Boston, Monday, 25 March 1861: Mary Coolidge’s[2] engagement too was discussed [at a meeting of the 1842 Sewing Circle]; of course it is a great thing for her, as the world goes, if she can be happy in it. No one supposes for a minute that her heart’s love is given to Mr. Reed, but she is poor and dependent – he offers her an affluent home and the ability to do much for her mother & Grace.[3] He is a worthy man, whom she can thoroughly esteem, and his kindness and generosity will no doubt eventually win the affection of gratitude at least – and I believe Mary will be a happier woman as his wife than she would be to remain unmarried and so pinchingly poor!

There are women who could never do this, who would scrub floors rather than be the purchased wife of any man – who could die of slow starvation rather than marry for a home, an eligible establishment &c – but Mary is not one of these, and I who once would have scorned and condemned such a match, have learned from life’s experience to look more hopefully and charitably upon them – to feel that there are circumstances which may justify such a step – and to believe that it often results in quiet content if not in any higher happiness.

Sunday, 8 June 1862: Such a busy week – I have really worked myself almost sick – and how do the girls and women bear it, who keep it up week after week, all the year round?

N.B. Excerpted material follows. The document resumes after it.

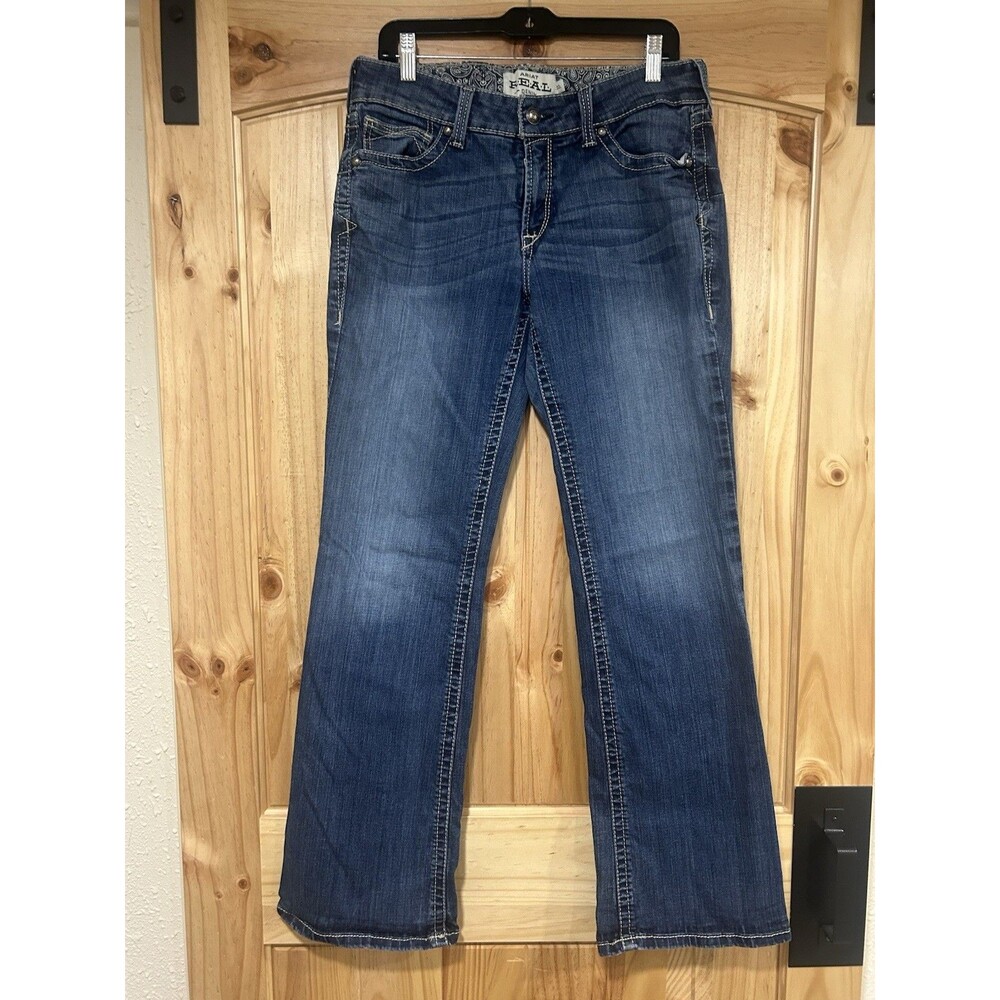 Ariat Women’s Spitfire Jeans Mid Rise Boot Cut Size 32L Inseam 33 Stretch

Poor things it is a hard hard life! We have made this week 18 pairs pants, 15 jackets à sacque & two vests – comprising 23 dozen button holes and the sewing on of 25 doz. buttons!! It took Miss Choate, Sophia, & myself with needles and Isabella at the sewing machine – that blessed invention!

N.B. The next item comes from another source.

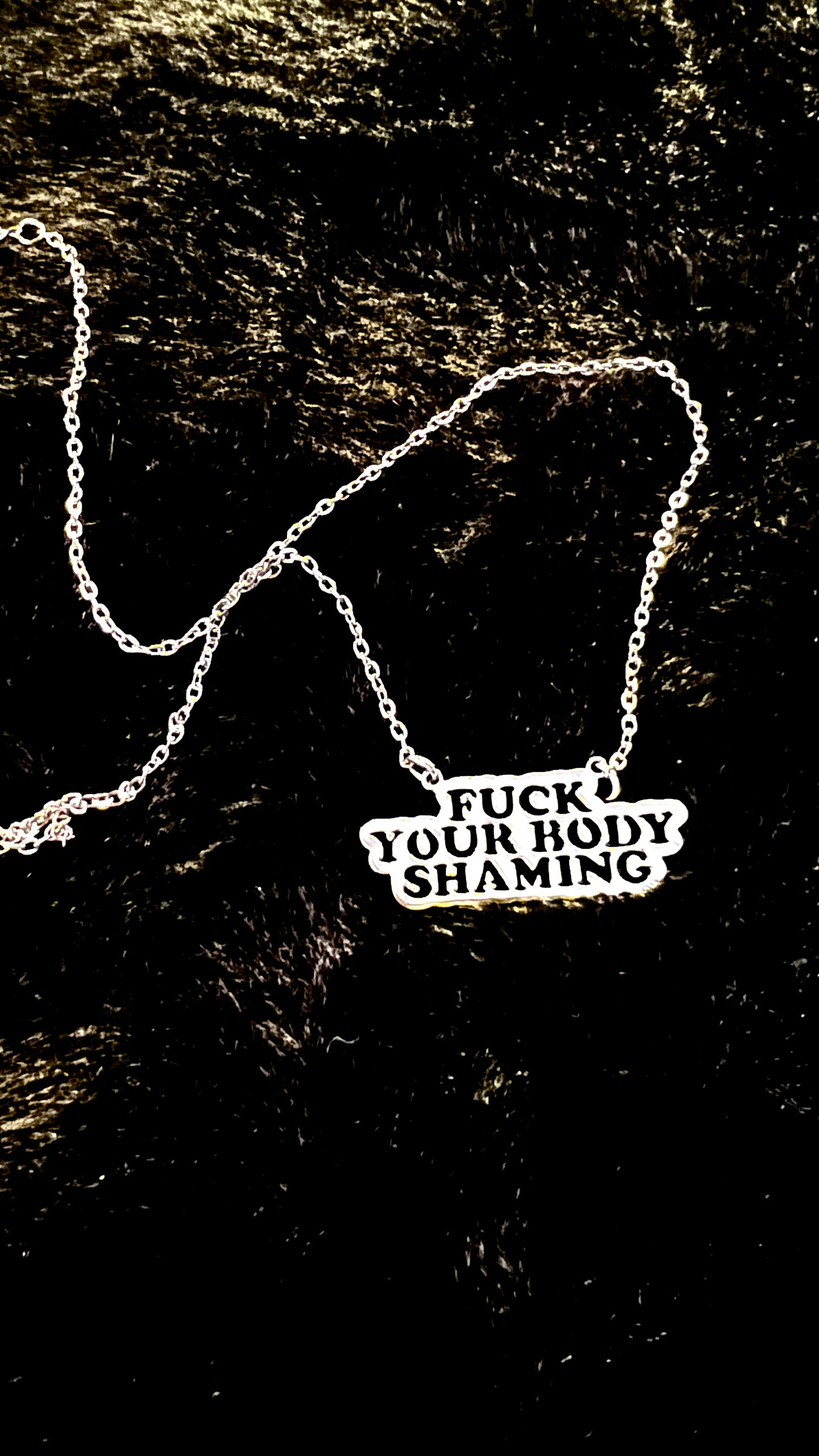 FUCK BODYSHAMING - Kette - gold/silber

Sunday, 22 March 1863: Our niece, Isa Gray,[4] develops the noblest characteristics in another sphere of war duties, laboring day after day for the “Sanitary Commission” writing, working, going from town to town speaking to large appointed meetings of women, explaining the modes of aid &c – arousing new interests … in the simple, self forgetful strength of duty, and devotion to a great cause.

[This] young girl, but a year or two since, a gay careless school girl, stands a noble woman before us, untiring, undaunted, without a thought of self – putting to shame, in her single hearted earnestness, our tame, feeble, supine lives. I watch her career, which I could never in my best days have emulated, with admiration and respect equaled only by my sincere affection for her.

Sunday, 23 April 1865: On Wednes’y last at noon, while the funeral services for President Lincoln were taking place in the White House at Washington, all the churches throughout the land were opened for memorial services – and were thronged by sorrowing crowds. I went after some hesitation to our own “King’s Chapel,” hardly daring to trust myself, for one does not like to betray emotion in public – and I dreaded too … adding to the nervous headache & prostration that struck me down at the awful news [of Lincoln’s assassination].

I was glad I went, however – Mr. Foote’s[5] funeral discourse was admirable, and the whole service comforting & strength giving….

Concluded here.

Notes

[1] All entries from the Hedwiga Regina Shober Gray diary, R. Stanton Avery Special Collections.

[2] Mary Sanderson Coolidge (1819–1904), who married Benjamin Tyler Reed on 5 June 1861.

[3] Mary and Grace Coolidge’s father, Samuel Frederick Coolidge, had died in February 1861.

[4] Dr. Gray’s niece, Isa Elizabeth Gray (b. 1841).

[5] The Rev. Henry Wilder Foote (1838–1889), rector of King’s Chapel 1861–89.